Srinivasan V Iyer et al. J Am Med Inform Assoc. 2014 Mar-Apr.

Abstract

Background and objective: Electronic health records (EHRs) are increasingly being used to complement the FDA Adverse Event Reporting System (FAERS) and to enable active pharmacovigilance. Over 30% of all adverse drug reactions are caused by drug-drug interactions (DDIs) and result in significant morbidity every year, making their early identification vital. We present an approach for identifying DDI signals directly from the textual portion of EHRs.
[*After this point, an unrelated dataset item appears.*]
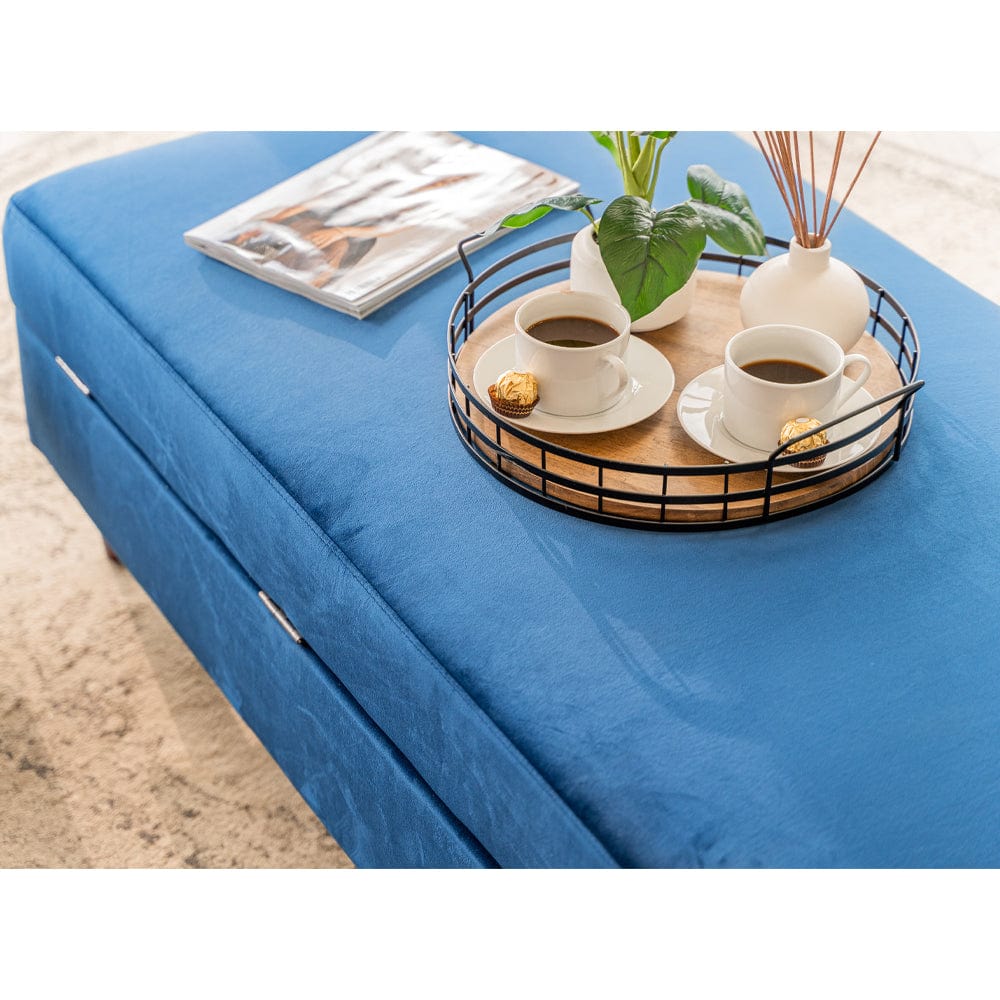 Blue ottoman store coffee table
Methods: We recognize mentions of drug and event concepts from over 50 million clinical notes from two sites to create a timeline of concept mentions for each patient. We then use adjusted disproportionality ratios to identify significant drug-drug-event associations among 1165 drugs and 14 adverse events. To validate our results, we evaluate our performance on a gold standard of 1698 DDIs curated from existing knowledge bases, as well as with signaling DDI associations directly from FAERS using established methods.

Results: Our method achieves good performance, as measured by our gold standard (area under the receiver operator characteristic (ROC) curve >80%), on two independent EHR datasets and the performance is comparable to that of signaling DDIs from FAERS. We demonstrate the utility of our method for early detection of DDIs and for identifying alternatives for risky drug combinations. Finally, we publish a first of its kind database of population event rates among patients on drug combinations based on an EHR corpus.

Conclusions: It is feasible to identify DDI signals and estimate the rate of adverse events among patients on drug combinations, directly from clinical text; this could have utility in prioritizing drug interaction surveillance as well as in clinical decision support.

Keywords: Adverse Reactions; Data Mining; Drug Interaction; Electronic Health Records; Ontology; Pharmacovigilance.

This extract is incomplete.